Category Archives: Functional Programming

Clojure function has-factors-in?

Just another quick post this evening to share a new function I created as part of cleaning up my solution to Problem 1 of Project Euler.

Was just responding to a comment on Google+ on my update sharing the post Project Euler in Clojure – Problem 16, and I saw the commenter had his own solution to problem 1. In sharing my solution I realized that I could clean up my results even further, and added a function has-factors-in?. These updates have also been pushed to my Project Euler in Clojure Github repository for those interested.

(defn has-factors-in? [n coll]
  (some #(factor-of? % n) coll))

Where before I had:

(defn problem1
  ([] (problem1 1000))
  ([n] (sum (filter #(or (factor-of? 3 %) (factor-of? 5 %))) (range n))))

It now becomes:

(defn problem1
  ([] (problem1 1000))
  ([n] (sum (filter #(has-factors-in? % [3 5]) (range n)))))

This change makes my solution read even more like the problem statement given.

Your thoughts?

–Proctor

John Backus on the Assignment Statement

The assignment statement is the von Neumann bottle-neck of programming languages and keeps us thinking in word-at-a-time terms in much the same way the computer’s bottleneck does.

John Backus, 1977
ACM Turing Award Lecture,
Communications of the ACM
August 1978, Volume 2, Number 8

How Clojure is breaking my brain – Loops

Seeing how Chris Houser, aka Chouser, aka @chrishouser, one of the co-authors of the Joy Of Clojure, shared a link to my post on twitter, and with a few tweets:

I figured I should follow up the start of that conversation, and tease apart my current thinking about loops.  The short version is:

I never want to have to write a loop again.

As this is quite the bold statement, some elaboration is in order.

First I realized a number of years ago that every time I would write a loop, I would write a lot of duplicate code. The code wasn’t always identical, but it had the same structure, so much so, that many IDEs now have ‘for loop’ templates. I had realized there were certain structures to the loops, but I never had the “AH-HA!” moment to truly recognize the patterns.

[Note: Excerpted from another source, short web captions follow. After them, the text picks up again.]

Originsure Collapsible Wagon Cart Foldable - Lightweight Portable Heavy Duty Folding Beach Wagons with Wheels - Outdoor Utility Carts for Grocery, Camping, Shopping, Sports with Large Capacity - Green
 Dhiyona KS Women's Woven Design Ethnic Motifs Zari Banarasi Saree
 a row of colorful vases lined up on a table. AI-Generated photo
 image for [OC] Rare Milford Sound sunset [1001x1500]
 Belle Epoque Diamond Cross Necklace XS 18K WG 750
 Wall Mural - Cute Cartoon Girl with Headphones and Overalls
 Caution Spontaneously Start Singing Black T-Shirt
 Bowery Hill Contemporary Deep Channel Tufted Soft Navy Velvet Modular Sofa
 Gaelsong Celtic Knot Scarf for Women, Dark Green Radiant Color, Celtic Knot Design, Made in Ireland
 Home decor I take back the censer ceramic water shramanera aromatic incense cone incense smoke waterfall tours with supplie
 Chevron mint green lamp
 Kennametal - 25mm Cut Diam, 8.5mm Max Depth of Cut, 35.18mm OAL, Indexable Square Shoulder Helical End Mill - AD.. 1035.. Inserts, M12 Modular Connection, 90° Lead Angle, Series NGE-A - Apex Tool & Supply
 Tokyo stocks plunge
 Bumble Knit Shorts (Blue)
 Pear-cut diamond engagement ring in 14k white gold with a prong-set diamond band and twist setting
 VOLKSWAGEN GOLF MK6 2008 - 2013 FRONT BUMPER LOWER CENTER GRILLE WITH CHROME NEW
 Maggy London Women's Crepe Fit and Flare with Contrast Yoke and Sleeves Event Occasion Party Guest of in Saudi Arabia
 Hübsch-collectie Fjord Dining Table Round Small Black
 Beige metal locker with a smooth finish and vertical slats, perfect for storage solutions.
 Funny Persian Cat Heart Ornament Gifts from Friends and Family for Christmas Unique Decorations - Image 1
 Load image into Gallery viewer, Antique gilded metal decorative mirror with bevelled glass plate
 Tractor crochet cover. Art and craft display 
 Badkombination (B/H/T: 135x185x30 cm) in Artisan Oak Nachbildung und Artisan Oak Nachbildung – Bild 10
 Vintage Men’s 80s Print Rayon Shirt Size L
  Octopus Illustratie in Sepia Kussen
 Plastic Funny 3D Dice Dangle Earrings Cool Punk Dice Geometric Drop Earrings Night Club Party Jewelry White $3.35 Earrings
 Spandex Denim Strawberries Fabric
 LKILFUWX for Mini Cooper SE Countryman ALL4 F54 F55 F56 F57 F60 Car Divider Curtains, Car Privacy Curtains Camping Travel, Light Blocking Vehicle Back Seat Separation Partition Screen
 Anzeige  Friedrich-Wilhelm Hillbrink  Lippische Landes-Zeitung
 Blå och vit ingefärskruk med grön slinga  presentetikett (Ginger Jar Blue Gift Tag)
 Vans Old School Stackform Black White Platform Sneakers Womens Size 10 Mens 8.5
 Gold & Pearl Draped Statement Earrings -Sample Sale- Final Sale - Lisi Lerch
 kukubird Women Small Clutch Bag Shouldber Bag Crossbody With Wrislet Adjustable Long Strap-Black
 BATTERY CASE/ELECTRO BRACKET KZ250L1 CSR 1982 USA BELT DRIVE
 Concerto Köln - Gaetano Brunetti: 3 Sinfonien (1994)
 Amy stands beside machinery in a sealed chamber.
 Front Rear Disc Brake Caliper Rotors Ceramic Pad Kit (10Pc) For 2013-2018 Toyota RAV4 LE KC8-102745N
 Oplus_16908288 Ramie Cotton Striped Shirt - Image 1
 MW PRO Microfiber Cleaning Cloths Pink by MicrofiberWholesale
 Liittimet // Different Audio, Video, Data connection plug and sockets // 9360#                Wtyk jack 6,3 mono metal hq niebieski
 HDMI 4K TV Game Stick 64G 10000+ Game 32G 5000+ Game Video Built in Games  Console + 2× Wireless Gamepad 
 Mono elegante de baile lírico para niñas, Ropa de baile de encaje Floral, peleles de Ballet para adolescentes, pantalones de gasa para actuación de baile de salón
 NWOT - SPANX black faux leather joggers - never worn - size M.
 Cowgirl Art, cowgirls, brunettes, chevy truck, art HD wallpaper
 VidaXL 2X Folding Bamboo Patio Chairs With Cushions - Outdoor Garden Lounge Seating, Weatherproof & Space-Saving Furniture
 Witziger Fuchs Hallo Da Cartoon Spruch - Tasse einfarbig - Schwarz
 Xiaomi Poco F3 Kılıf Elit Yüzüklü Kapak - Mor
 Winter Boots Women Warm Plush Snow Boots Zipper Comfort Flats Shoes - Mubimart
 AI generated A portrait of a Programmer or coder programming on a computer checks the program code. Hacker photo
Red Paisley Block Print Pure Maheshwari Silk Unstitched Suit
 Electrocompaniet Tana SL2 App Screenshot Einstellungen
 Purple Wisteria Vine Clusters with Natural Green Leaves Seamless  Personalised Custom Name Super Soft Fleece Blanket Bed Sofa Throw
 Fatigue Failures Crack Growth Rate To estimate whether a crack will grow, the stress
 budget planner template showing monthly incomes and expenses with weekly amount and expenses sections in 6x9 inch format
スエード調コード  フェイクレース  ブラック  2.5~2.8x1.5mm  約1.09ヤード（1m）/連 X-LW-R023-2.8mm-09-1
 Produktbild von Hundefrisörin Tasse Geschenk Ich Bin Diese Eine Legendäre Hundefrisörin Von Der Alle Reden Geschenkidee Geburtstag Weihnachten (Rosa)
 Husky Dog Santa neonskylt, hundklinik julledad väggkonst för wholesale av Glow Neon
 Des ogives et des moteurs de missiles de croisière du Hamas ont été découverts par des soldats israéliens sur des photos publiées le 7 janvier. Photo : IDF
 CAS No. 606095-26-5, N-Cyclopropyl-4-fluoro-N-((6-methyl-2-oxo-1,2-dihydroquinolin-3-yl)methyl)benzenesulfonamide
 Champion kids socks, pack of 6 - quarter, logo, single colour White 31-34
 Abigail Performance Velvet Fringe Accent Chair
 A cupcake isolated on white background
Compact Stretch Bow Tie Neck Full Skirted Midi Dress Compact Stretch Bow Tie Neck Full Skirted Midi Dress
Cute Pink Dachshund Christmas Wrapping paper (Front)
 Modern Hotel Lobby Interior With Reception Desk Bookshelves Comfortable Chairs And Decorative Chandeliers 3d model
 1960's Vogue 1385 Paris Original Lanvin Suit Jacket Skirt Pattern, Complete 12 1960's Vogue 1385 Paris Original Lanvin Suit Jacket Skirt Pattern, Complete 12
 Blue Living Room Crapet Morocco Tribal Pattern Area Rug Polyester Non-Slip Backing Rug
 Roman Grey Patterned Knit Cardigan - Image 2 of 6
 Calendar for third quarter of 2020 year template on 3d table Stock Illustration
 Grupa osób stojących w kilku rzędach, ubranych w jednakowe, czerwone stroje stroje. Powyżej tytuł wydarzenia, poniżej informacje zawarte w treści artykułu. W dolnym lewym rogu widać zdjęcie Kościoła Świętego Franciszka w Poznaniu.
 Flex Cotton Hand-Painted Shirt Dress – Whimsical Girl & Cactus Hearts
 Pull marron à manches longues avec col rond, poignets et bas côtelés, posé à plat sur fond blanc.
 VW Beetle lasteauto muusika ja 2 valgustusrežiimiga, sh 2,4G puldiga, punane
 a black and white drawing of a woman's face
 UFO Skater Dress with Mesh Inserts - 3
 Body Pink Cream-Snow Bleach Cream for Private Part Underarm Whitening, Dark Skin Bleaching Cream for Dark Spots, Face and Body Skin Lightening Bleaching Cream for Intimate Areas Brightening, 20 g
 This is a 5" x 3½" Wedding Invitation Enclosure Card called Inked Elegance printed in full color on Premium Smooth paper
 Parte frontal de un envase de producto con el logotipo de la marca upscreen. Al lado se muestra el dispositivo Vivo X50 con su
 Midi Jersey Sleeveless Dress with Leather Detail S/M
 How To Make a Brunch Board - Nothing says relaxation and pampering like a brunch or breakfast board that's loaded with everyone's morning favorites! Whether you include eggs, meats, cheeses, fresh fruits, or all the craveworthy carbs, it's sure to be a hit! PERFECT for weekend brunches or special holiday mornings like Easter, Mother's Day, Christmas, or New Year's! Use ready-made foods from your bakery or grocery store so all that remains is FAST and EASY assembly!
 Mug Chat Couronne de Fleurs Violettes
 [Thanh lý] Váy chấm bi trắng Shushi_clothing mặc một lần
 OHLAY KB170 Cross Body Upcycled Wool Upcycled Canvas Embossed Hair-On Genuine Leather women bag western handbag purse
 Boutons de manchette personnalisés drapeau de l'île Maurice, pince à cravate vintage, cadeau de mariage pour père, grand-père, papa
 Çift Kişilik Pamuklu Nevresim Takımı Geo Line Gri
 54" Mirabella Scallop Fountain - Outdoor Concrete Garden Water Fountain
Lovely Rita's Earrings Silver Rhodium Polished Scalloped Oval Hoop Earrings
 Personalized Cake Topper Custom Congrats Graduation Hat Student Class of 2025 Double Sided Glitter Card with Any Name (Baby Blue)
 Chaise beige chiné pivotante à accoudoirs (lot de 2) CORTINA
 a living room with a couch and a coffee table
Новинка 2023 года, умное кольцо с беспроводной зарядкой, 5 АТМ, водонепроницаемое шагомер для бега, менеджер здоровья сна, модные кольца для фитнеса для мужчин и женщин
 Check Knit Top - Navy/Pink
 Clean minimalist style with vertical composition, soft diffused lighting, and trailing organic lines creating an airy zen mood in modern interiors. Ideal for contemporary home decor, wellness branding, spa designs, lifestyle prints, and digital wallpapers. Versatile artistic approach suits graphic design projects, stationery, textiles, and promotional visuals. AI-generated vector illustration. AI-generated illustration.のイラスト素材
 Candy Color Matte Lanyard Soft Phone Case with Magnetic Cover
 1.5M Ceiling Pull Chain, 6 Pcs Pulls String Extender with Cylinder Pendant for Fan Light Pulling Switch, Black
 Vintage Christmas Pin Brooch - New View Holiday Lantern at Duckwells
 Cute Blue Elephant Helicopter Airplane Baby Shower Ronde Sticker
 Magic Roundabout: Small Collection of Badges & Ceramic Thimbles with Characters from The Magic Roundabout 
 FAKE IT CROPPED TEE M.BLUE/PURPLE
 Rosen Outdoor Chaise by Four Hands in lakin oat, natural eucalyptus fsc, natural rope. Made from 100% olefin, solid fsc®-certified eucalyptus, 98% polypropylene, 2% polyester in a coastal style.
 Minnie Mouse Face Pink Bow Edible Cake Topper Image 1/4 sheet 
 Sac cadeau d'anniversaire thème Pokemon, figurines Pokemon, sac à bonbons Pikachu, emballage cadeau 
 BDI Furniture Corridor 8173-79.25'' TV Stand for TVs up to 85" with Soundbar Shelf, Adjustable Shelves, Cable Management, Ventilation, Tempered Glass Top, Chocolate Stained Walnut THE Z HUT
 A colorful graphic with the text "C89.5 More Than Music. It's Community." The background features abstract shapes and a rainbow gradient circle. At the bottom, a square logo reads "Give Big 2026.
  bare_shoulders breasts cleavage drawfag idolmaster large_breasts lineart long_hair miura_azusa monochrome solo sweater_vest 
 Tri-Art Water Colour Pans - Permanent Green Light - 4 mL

Then a series of events started to come together: I read Structure and Interpretation of Computer Programs for the first time, we moved on to .NET 3.5 at work and were able to take advantage of LINQ, I started looking into Ruby, and finally, I started digging into Clojure.

Now I had heard people talk about some of the looping patterns before, hearing people talk about Smalltalk and Ruby, but it wasn’t until I started getting into Clojure that it fully clicked in that there really are only a handful of different loops: projection (map, select, transformation), collection (reduce, collect, aggregate, accumulate, sum, multiple), filtering (filter, exclude, include, where), grouping (group, frequencies), and maybe a couple of others I am leaving out now, as well as composition of the different looping constructs.

Projection

The projection looping pattern simply takes a collection of elements and applies some projection against them to get a new view of the objects. The Hello World example of this is the squares of a set of numbers.
The imperative version in C#, or any C-style language would be written as:

var squares = new List<int>();
for(int i = 1; i <= 10; 1++)
{
  squares.Add(i*i);
}
return squares;

In Clojure this would be:

(map #(* % %) (range 1 11))

In C# with LINQ this is:

  Enumerable.Range(1, 10).Select(x => x * x);

Collection

The collection looping pattern is about getting a single value out, though there may be cases when multiple values come out. The Hello World example of this tends to be the sum of the numbers in a sequence, or the multiple of the numbers.

The imperative version in C#, or any C-style language would be written as:

var sum = 0;
for(int i = 1; i <= 10; 1++)
{
  sum += i;
}
return sum;

In Clojure this would be:

(reduce + (range 1 11))

In C# with LINQ this is:

  Enumerable.Range(1, 10).Sum();

Filtering

The filter looping pattern is to find a subset of items that match a criteria.

The Hello World example of this tends to be getting only the even numbers in a sequence.

The imperative version in C#, or any C-style language would be written as:

var numbers = new List<int>();
for(int i = 1; i <= 10; 1++)
{
  if (!IsEven(i))
    continue;

  numbers.Add(i);
}
return numbers;

In Clojure this would be:

(filter even? (range 1 11))

In C# with LINQ this is:

  Enumerable.Range(1, 10).Where(x => IsEven(x));

Grouping

The grouping looping pattern is to create a set of groups of items, where each group match the same criteria.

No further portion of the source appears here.